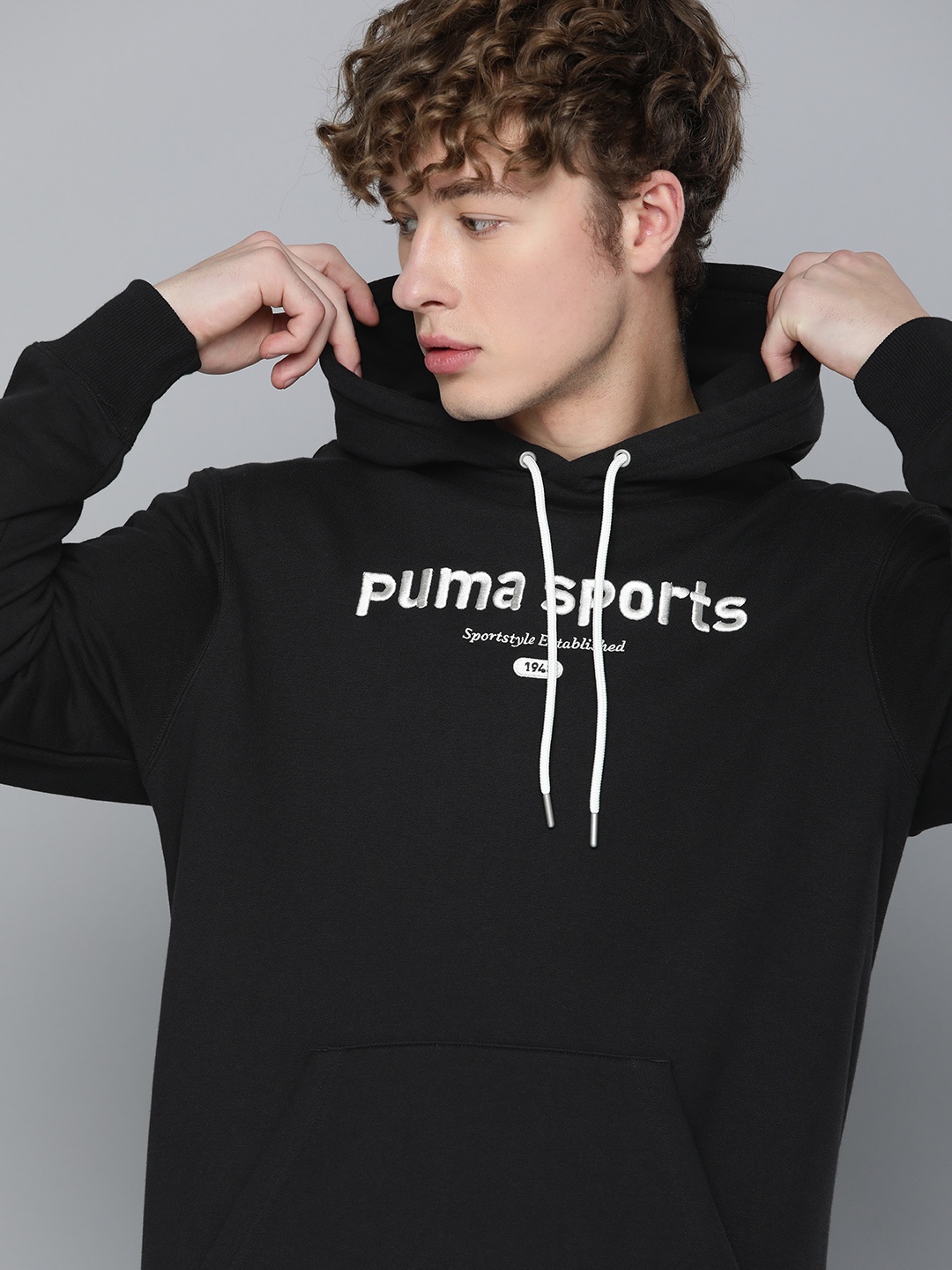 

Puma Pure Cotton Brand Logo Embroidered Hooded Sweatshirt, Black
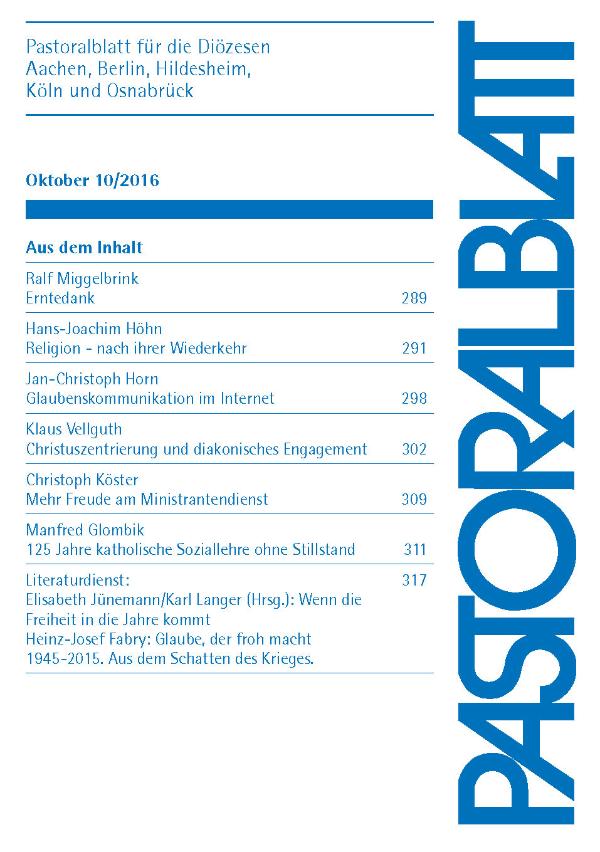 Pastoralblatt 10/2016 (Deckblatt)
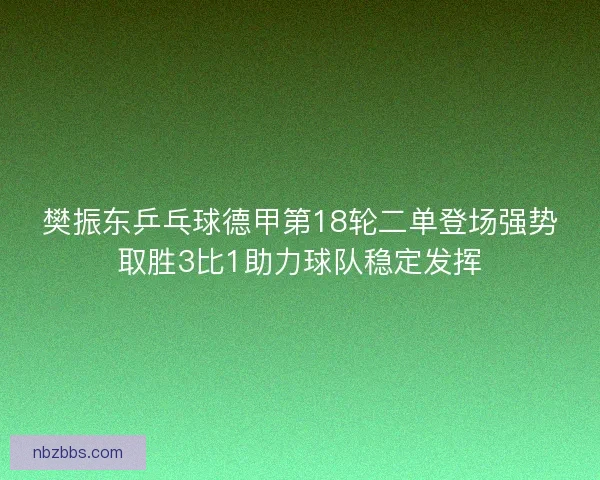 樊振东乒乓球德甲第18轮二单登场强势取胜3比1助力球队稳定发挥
☆ ☆ ☆ ☆ ☆ ☆ ☆
**What is required:** The expected output is the exact run of lines from the one containing "Pastoralblatt 10/2016 (Deckblatt)" through the final line of the data above, both ends included, with no pictures.

**Solved problem:**
 Pastoralblatt 10/2016 (Deckblatt)
 樊振东乒乓球德甲第18轮二单登场强势取胜3比1助力球队稳定发挥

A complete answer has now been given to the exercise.